In this paper we propose and analyze an algorithm for identifying spectral gaps of a real symmetric matrix $A$ by simultaneously approximating the traces of spectral projectors associated with multiple different spectral slices. Our method utilizes Hutchinson's stochastic trace estimator together with the Lanczos algorithm to approximate quadratic forms involving spectral projectors. Instead of focusing on determining the gap between two particular consecutive eigenvalues of $A$, we aim to find all gaps that are wider than a specified threshold.

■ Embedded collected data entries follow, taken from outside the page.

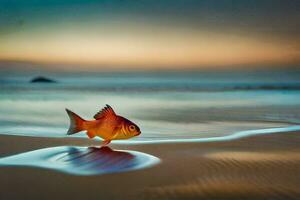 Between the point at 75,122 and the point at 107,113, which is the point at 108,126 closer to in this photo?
the point at 107,113

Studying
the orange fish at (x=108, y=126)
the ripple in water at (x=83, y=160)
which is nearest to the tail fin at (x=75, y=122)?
the orange fish at (x=108, y=126)

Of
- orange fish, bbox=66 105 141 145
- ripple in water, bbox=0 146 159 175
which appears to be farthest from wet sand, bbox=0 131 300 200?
orange fish, bbox=66 105 141 145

By examining the problem from this perspective, and thoroughly analyzing both the Hutchinson and the Lanczos components of the algorithm, we obtain error bounds that allow us to determine the numbers of Hutchinson's sample vectors and Lanczos iterations needed to ensure the detection of all gaps above the target width with high probability. In particular, we conclude that the most efficient strategy is to always use a single random sample vector for Hutchinson's estimator and concentrate all computational effort in the Lanczos algorithm. Our numerical experiments demonstrate the efficiency and reliability of this approach.